Склонность Эль-Кано к франтовству, о которой свидетельствует его завещание, указывает на известное тщеславие. Его атласные колеты, подбитые серебряной парчой, плащи из тонкого валенсийского сукна, отделанные золотым галуном штаны, девятнадцать рубашек и другая одежда составляют список, содержащий свыше сорока пунктов. А в этот перечень еще не включены чулки. Когда же дело доходит до этих последних, начинает казаться, что завещание писала въедливая старая дева: Эль-Кано ни разу не забывает упомянуть, какая пара новая, а какая уже ношеная.

Однако внимание, которое он уделяет судьбе своей одежды, в значительной мере отражает его доброе отношение к тем, кому он ее оставляет. Первым в связи с распределением своего гардероба он упоминает астронома и кормчего Андреса де Сан-Мартина, который во время первого плавания к Молуккским островам одолжил Хуану-Себастьяну два своих навигационных трактата. Одним из них — таблицами Иоганна Мюллера — Эль-Кано постоянно пользовался на «Виктории»; и тут мы вновь убеждаемся в его щепетильной честности: эти трактаты он приказывает вернуть Сан-Мартину, если вдруг окажется, что последний жив, а не погиб, как предполагали, во время резни на Себу. Сан-Мартин, кроме того, должен получить три куска «цветного лондонского сукна» на платье.
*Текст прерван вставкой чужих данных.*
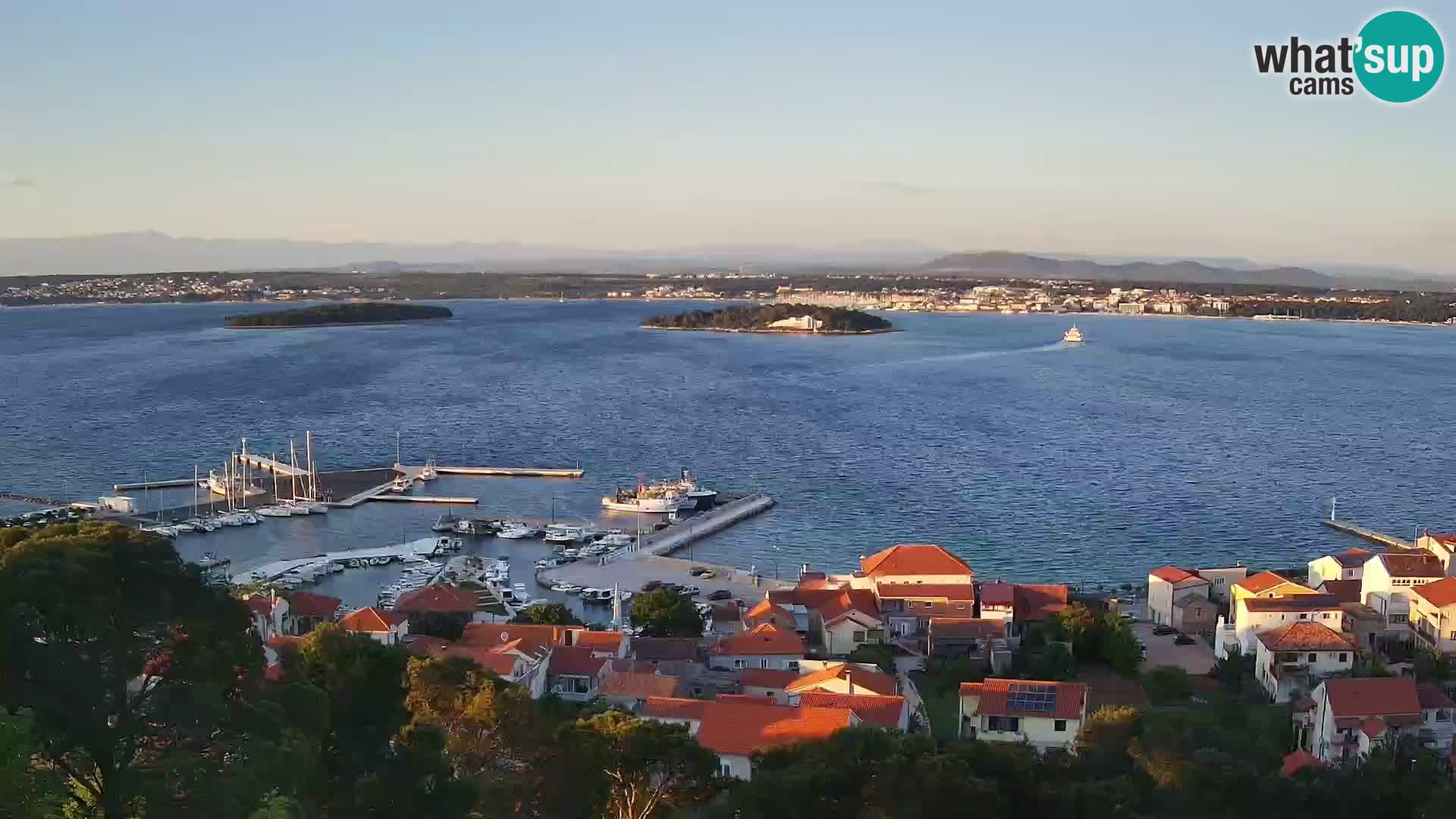 Tkon – Kalvaria – vista del canal de Pašman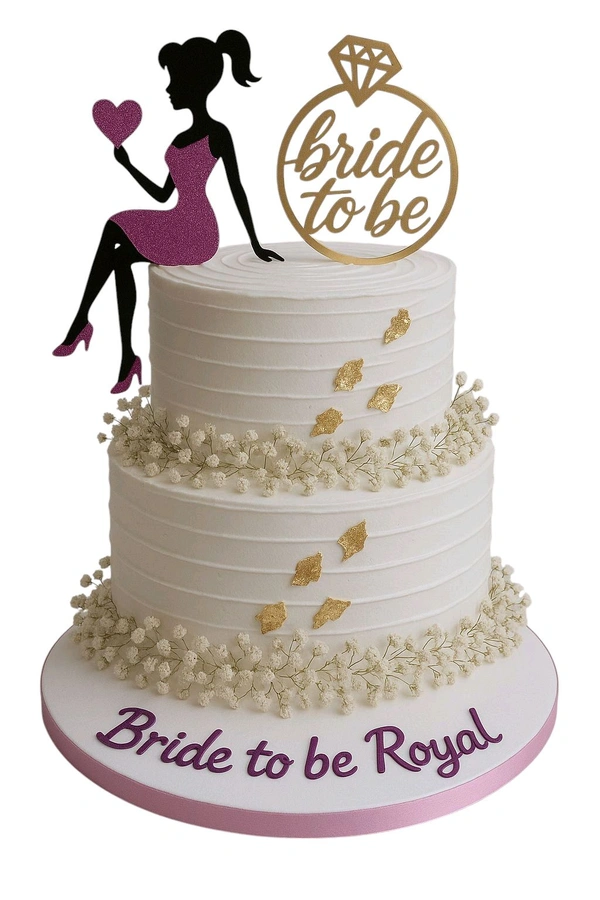 Regal Bride-To-Be Cake - 2 Kg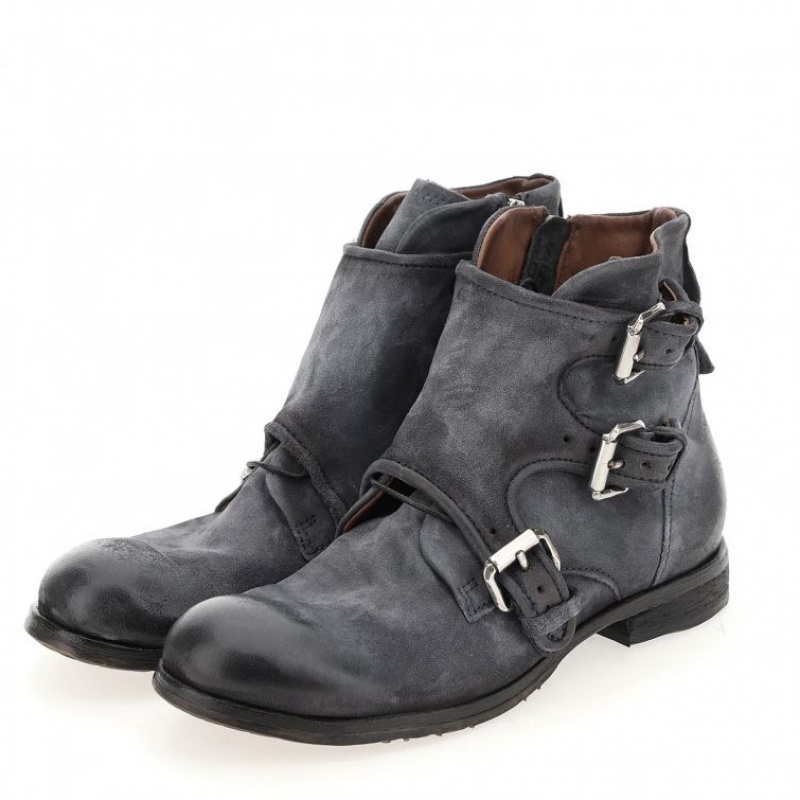 Ankle boots A.S.98 Clash 401202 Męskie Granatowe | PL-584620AXI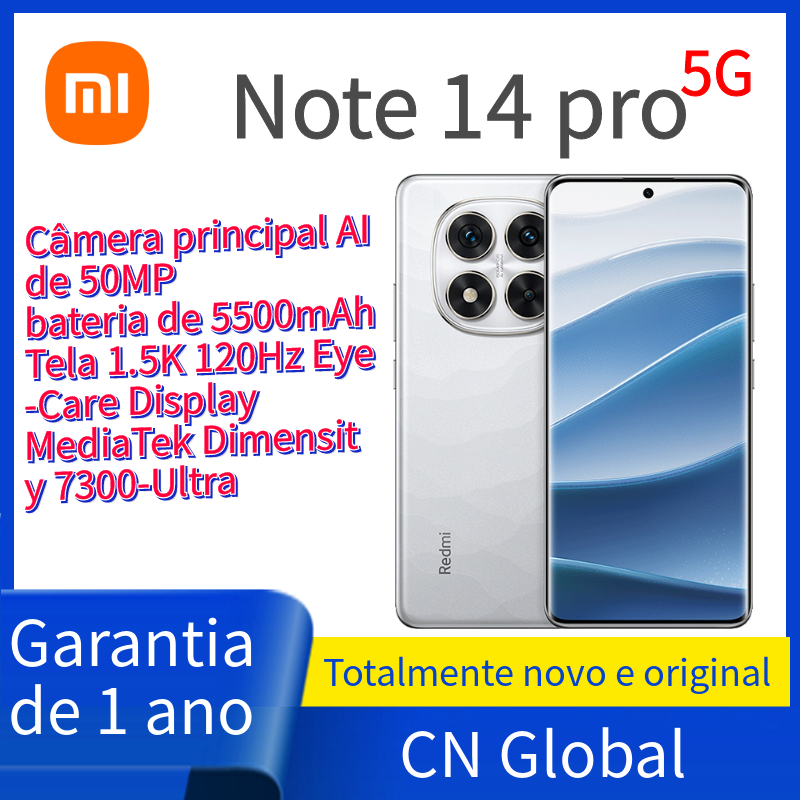 Original Xiaomi redmi note 14 pro 5g Celular 256GB 512GB 5500mAh CN Global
Паж Эль-Кано Андрес де Урданета получает колет из тафты; затем следует племянник Эль-Кано Эстеван, которому он оставляет три пары штанов; его брату Мартину-Пересу предназначаются лучшие из его курток — зеленые кожаные, колет из бомбазина и пестрый плащ. Хуан-Себастьян вообще очень заботился о Мартине Пересе: приняв командование над флагманской каравеллой, он сразу же назначил своего брата ее кормчим; однако, памятуя о смерти многих своих товарищей по плаванию, Эль-Кано добавляет в завещании: «Если он и остальные его братья будут живы, вся другая моя одежда должна быть поделена поровну между всеми четырьмя».